## Provided data:
BEGIN

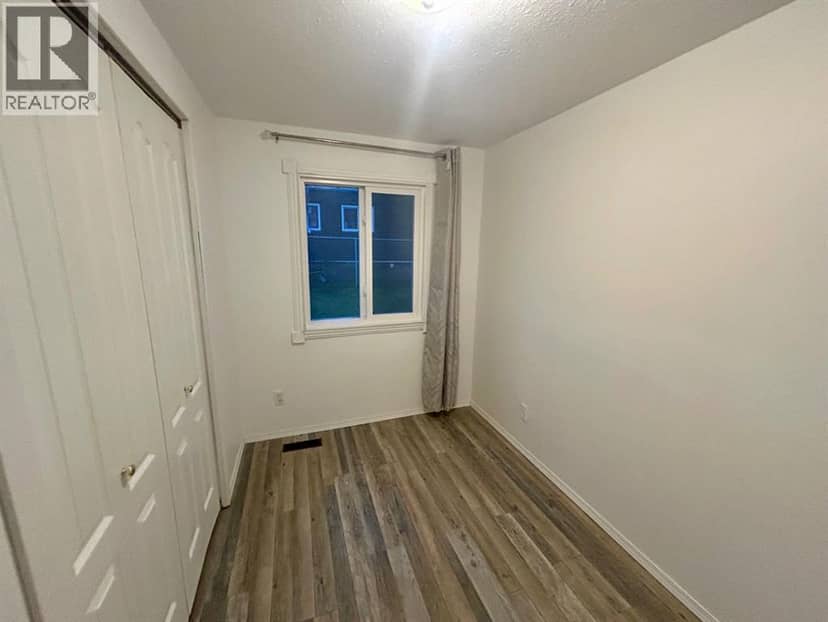 9115 101 Street — photo 21 of 36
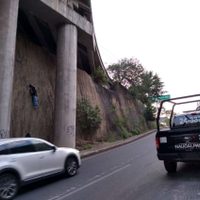 Hallan colgado el cadáver de un hombre en puente vehicular de Naucalpan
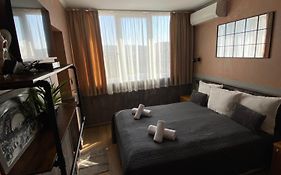 City Hotel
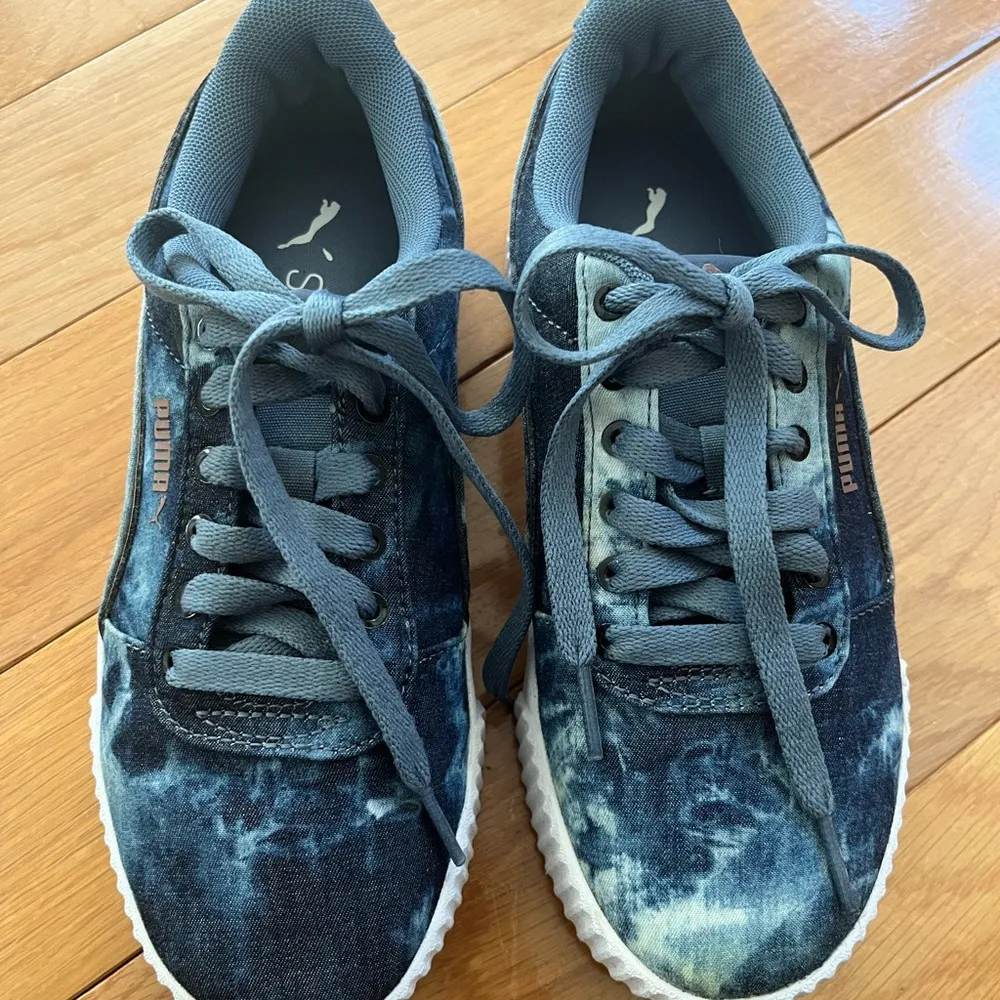 Puma Carina Indigo Blue and White Shoe Women's Size 6 Pre-Owned Tye-Die - Image 2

END

## Prompt:
Print the listing above in full, exactly as written. Omit any pictures.

## Answer section:
 9115 101 Street — photo 21 of 36
 Hallan colgado el cadáver de un hombre en puente vehicular de Naucalpan
 City Hotel
 Puma Carina Indigo Blue and White Shoe Women's Size 6 Pre-Owned Tye-Die - Image 2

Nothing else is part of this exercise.